This is not an issue I've read an enormous amount about, so please excuse the brevity of the diary (no less the fact that I'm going to bed soon), but I thought that this needs to be seen. Reporting is via the BBC:
India's top court has upheld a law which criminalises gay sex, in a ruling seen as a major blow to gay rights. [...]
The court said it was up to parliament to legislate on the issue.
According to Section 377, a 153-year-old colonial law, a same-sex relationship is an "unnatural offence" and punishable by a 10-year jail term.
The ruling contains from precatory language that appears to recommend that Parliament repeal the law, but the BBC expects no such actions.

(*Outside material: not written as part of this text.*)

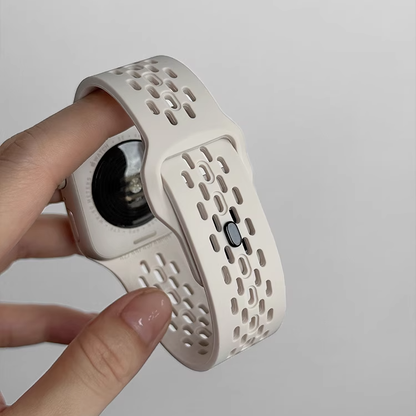 【選べる14色】スポーツメッシュシリコンバンド【アップルウォッチ】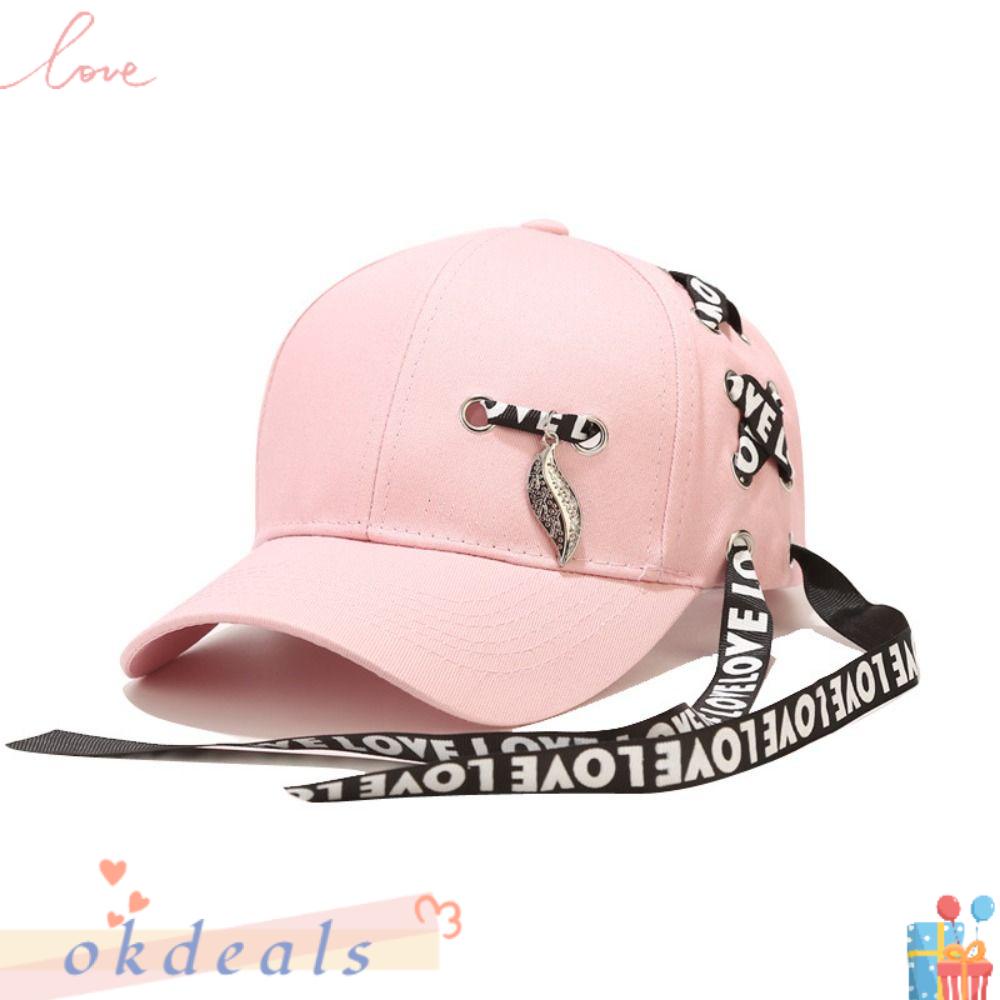 Mũ Lưỡi Trai Màu Trơn Điều Chỉnh Được Phong Cách Hip Hop Cá Tính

Interesting that they have any business at all talking about unnatural offenses, in a nation where a woman was gang raped on a bus (warning: may be triggering) while those standing by did nothing (the Delhi police did eventually make some arrests, leading to a trial resulting in multiple convictions and a couple sentences of hanging - that's pretty unnatural too, hanging people).
So, this law found its way onto the books during the British Raj. 153 years ago, so 1860. The UK, by the way, decriminalized gay sex in 1967, according to Wikipedia.
This isn't "my" issue - it's not one that I closely follow and I'm woefully uneducated as to the specifics. But, I care about injustice and, in a rapidly rising nation like India (albeit held back by horrible corruption), this is pretty unjust.